2022-06-20 22:24:07 +03:00 · 2022-06-20 22:24:07 +03:00 · c6ec6d8239
parent 61c4c49d76
commit c6ec6d8239
1 changed files with 41 additions and 86 deletions
--- a/src/xenia/gpu/vulkan/vulkan_render_target_cache.cc
+++ b/src/xenia/gpu/vulkan/vulkan_render_target_cache.cc
@ -1606,7 +1606,7 @@ VkShaderModule VulkanRenderTargetCache::GetTransferShader(
    id_vector_temp.push_back(builder.makeRuntimeArray(type_uint));
    // Storage buffers have std430 packing, no padding to 4-component vectors.
    builder.addDecoration(id_vector_temp.back(), spv::DecorationArrayStride,
-                          sizeof(float));
+                          sizeof(uint32_t));
    spv::Id type_host_depth_source_buffer =
        builder.makeStructType(id_vector_temp, "XeTransferHostDepthBuffer");
    builder.addMemberName(type_host_depth_source_buffer, 0, "host_depth");
@ -1754,12 +1754,19 @@ VkShaderModule VulkanRenderTargetCache::GetTransferShader(
  // Working with unsigned numbers for simplicity now, bitcasting to signed will
  // be done at texture fetch.

-  uint32_t tile_width_samples_scaled =
+  uint32_t tile_width_samples =
      xenos::kEdramTileWidthSamples * draw_resolution_scale_x();
-  uint32_t tile_height_samples_scaled =
+  uint32_t tile_height_samples =
      xenos::kEdramTileHeightSamples * draw_resolution_scale_y();

-  // Convert the fragment coordinates to uint2.

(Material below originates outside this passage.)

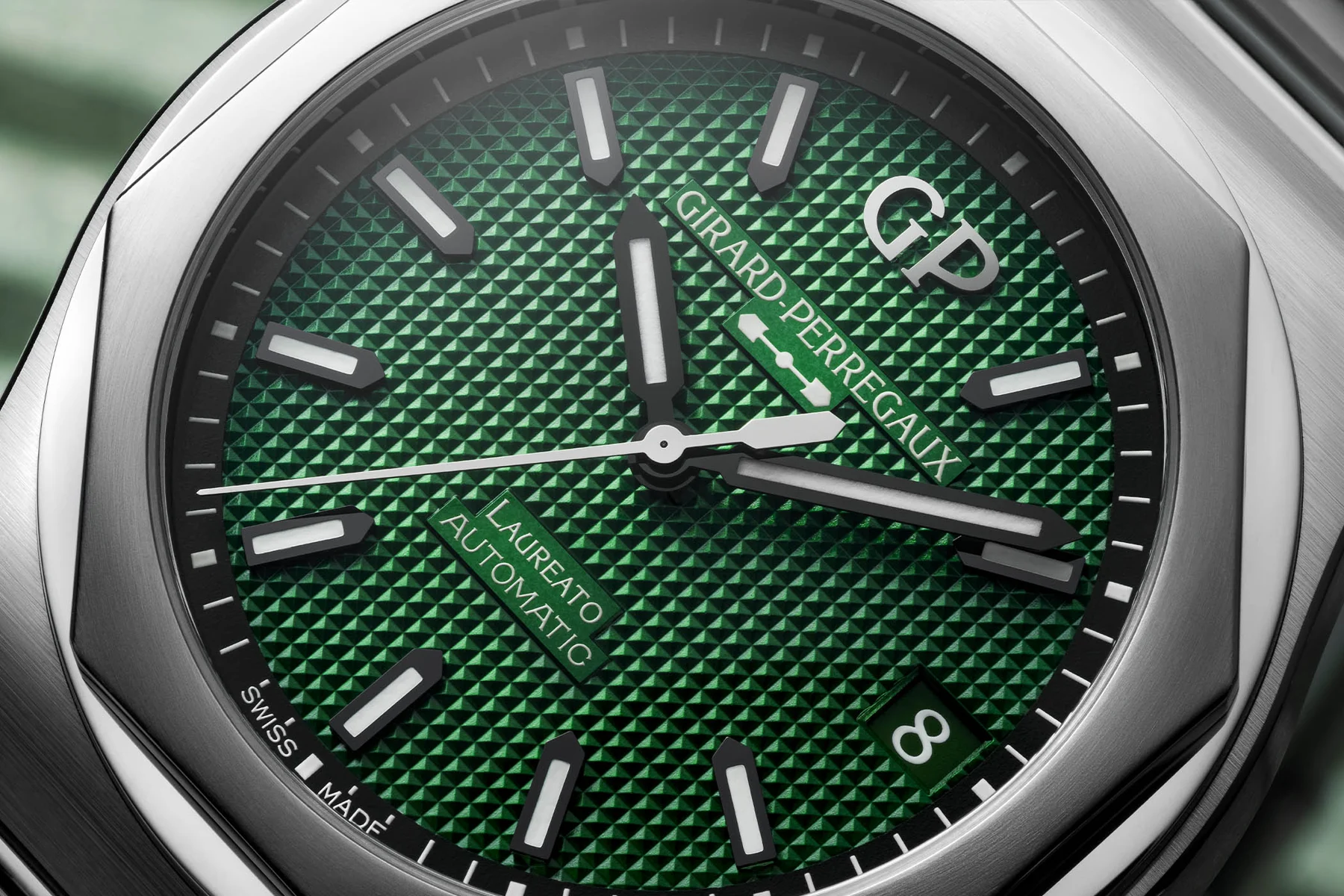 The intricate details of a green-dial mechanical watch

+  // Split the destination pixel index into 32bpp tile and 32bpp-tile-relative
+  // pixel index.
+  // Note that division by non-power-of-two constants will include a 4-cycle
+  // 32*32 multiplication on AMD, even though so many bits are not needed for
+  // the pixel position - however, if an OpUnreachable path is inserted for the
+  // case when the position has upper bits set, for some reason, the code for it
+  // is not eliminated when compiling the shader for AMD via RenderDoc on
+  // Windows, as of June 2022.
  uint_vector_temp.clear();
  uint_vector_temp.reserve(2);
  uint_vector_temp.push_back(0);
@ -1770,77 +1777,25 @@ VkShaderModule VulkanRenderTargetCache::GetTransferShader(
          spv::NoPrecision, type_float2,
          builder.createLoad(input_fragment_coord, spv::NoPrecision),
          uint_vector_temp));
-
-  // Prove to the AMD compiler that 24*24 multiplication can be done. 16 bits
-  // are more than enough for coordinates even with 3x resolution scaling (and
-  // Direct3D 11 hardware has 16.8 fixed-point coordinates).

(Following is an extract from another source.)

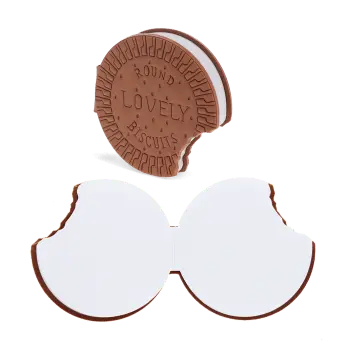 Chocolate biscuit-shaped notebook shown closed and open, revealing bite-shaped white pages.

-  // TODO(Triang3l): OpUnreachable if the coordinates have upper bits set.
-
-  // Split the destination pixel coordinate into scalars.
  spv::Id dest_pixel_x =
      builder.createCompositeExtract(dest_pixel_coord, type_uint, 0);
+  spv::Id const_dest_tile_width_pixels = builder.makeUintConstant(
+      tile_width_samples >>
+      (uint32_t(dest_is_64bpp) +
+       uint32_t(key.dest_msaa_samples >= xenos::MsaaSamples::k4X)));
+  spv::Id dest_tile_index_x = builder.createBinOp(
+      spv::OpUDiv, type_uint, dest_pixel_x, const_dest_tile_width_pixels);
+  spv::Id dest_tile_pixel_x = builder.createBinOp(
+      spv::OpUMod, type_uint, dest_pixel_x, const_dest_tile_width_pixels);
  spv::Id dest_pixel_y =
      builder.createCompositeExtract(dest_pixel_coord, type_uint, 1);
-
-  // Split the destination pixel index into 32bpp tile and 32bpp-tile-relative
-  // pixel index.
-  uint32_t dest_sample_width_log2 =
-      uint32_t(dest_is_64bpp) +
-      uint32_t(key.dest_msaa_samples >= xenos::MsaaSamples::k4X);
-  uint32_t dest_sample_height_log2 =
-      uint32_t(key.dest_msaa_samples >= xenos::MsaaSamples::k2X);
-  uint32_t dest_tile_width_divide_scale, dest_tile_width_divide_shift;
-  draw_util::GetEdramTileWidthDivideScaleAndUpperShift(
-      draw_resolution_scale_x(), dest_tile_width_divide_scale,
-      dest_tile_width_divide_shift);
-  // Doing 16*16=32 multiplication, not 32*32=64.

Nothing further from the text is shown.